To visualize fusion genes in IGV tool first create a genome Menu->Genomes->Create .genome File
, choose name and description, then choose the following files:
finspector.fa
- make sure the index file finspector.fa.fai is in the same folder
finspector.gtf
- use this for ‘Genes’
cytoBand.txt
- use this for ‘optional Cytoband’
Add the bam files by choosing File->Load from File
and make sure to select your generated mini genome in the upper-left corner.
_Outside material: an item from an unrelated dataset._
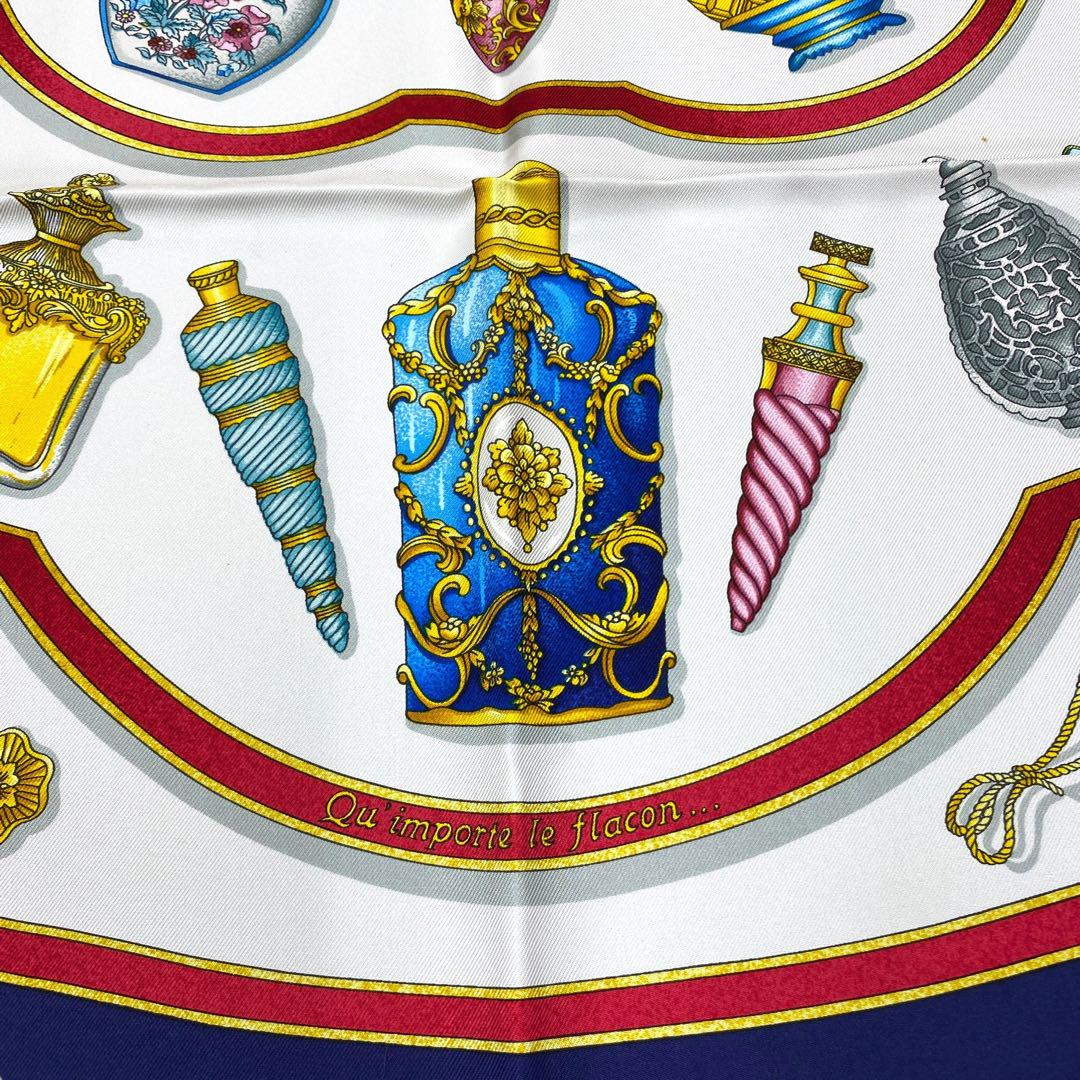 HERMES/エルメス 香水瓶 シルク スカーフ c_089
For more info and help check wiki page.
Summary report
Output directory: results/Report-<READS_BASE_NAME>
fusions.json
- contains all main information about found fusions (fusion name, score, explanation of the score calculation, cherry picked output from fusion tools)
index.html
- main dashboard containing the list of all detected fusions
*.html
- each fusion gets a custom page with fetched data from the local database
fusions_list_filtered.txt
- filtered list of found fusions (uses tool cutoff as filter, by default: 2, can be adjusted by adding
-t <num>
when running the tool)
- filtered list of found fusions (uses tool cutoff as filter, by default: 2, can be adjusted by adding
fusions_list.txt
- unfiltered list of found fusions
Tool detection
Graphs displaying ratio of fusion genes caught by different tools. The last part all tools is an intersection of all tools.
Found in database
Displays how many fusions were found in a downloaded databases of the summary report.
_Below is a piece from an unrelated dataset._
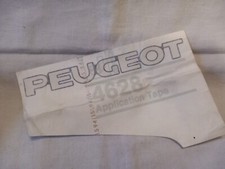 sticker logo monogramme emblème adhésif d'origine PEUGEOT 229 x 22 mm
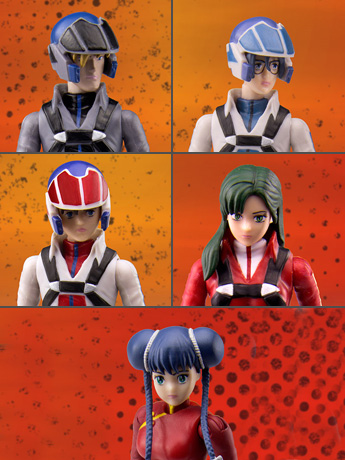 Robotech Poseable Action Figure Wave 1 Set of 5 Gallery Image 2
Tool detection distribution
For each fusion a sum of detected tools is calculated. This counts are then visualized in the graph below.
MultiQC
MultiQC is a visualisation tool that generates a single HTML report summarising all samples in your project. Most of the pipeline QC results are visualised in the report and further statistics are available in within the report data directory.
The pipeline has special steps which allow the software versions used to be reported in the MultiQC output for future traceability.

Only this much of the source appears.